◆ **WHAT THE TASK ASKS**
After finding the line with "lixxxnlace's tweet photo." in the entries below, retype exactly each line from there through the line with "#LixxxNLace #Lelo #cometogether", including that final line.

◆ **DATA FOR ANALYSIS**

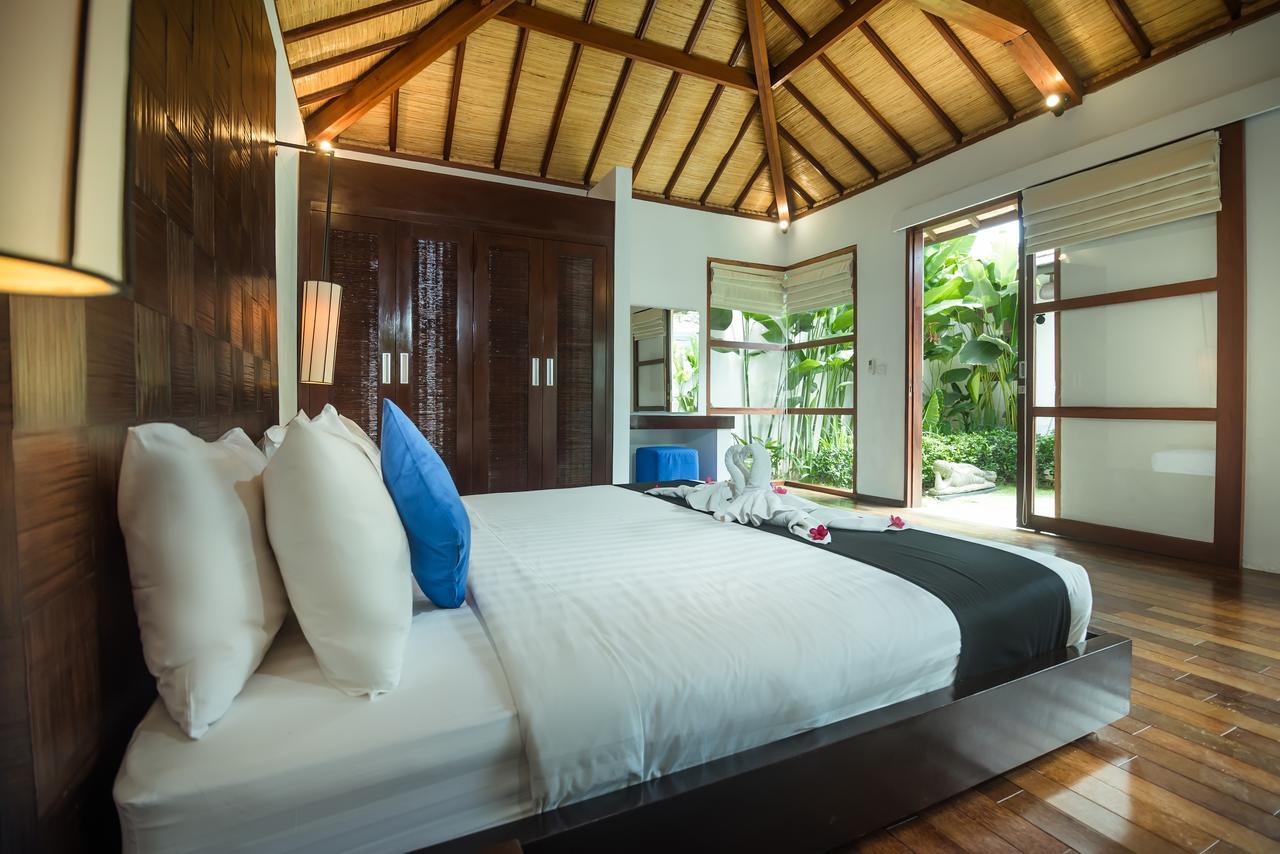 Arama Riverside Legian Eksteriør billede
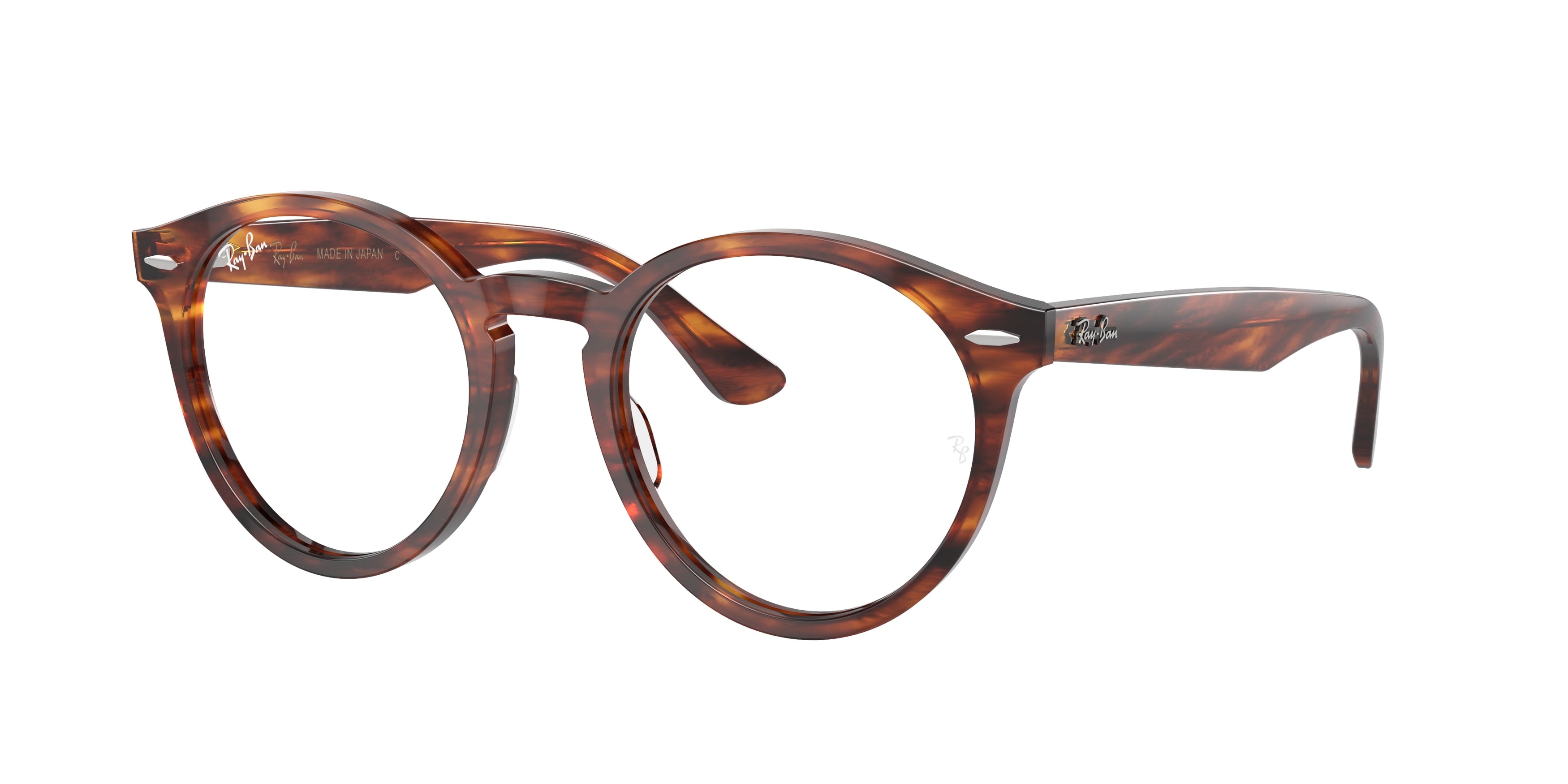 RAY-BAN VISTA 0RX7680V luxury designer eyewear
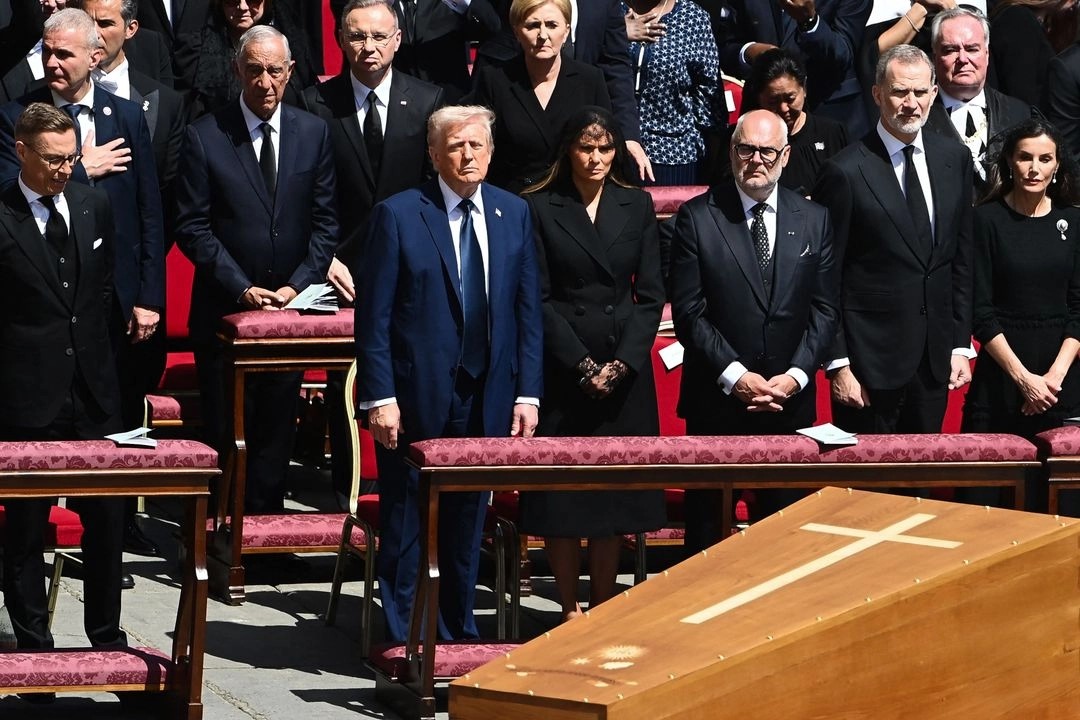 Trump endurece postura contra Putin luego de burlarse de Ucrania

* * *

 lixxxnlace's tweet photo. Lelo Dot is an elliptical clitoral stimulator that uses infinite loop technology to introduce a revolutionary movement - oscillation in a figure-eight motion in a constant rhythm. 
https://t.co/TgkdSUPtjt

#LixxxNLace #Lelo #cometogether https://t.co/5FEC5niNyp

◆ **ANSWER BOX**
 lixxxnlace's tweet photo. Lelo Dot is an elliptical clitoral stimulator that uses infinite loop technology to introduce a revolutionary movement - oscillation in a figure-eight motion in a constant rhythm. 
https://t.co/TgkdSUPtjt

#LixxxNLace #Lelo #cometogether https://t.co/5FEC5niNyp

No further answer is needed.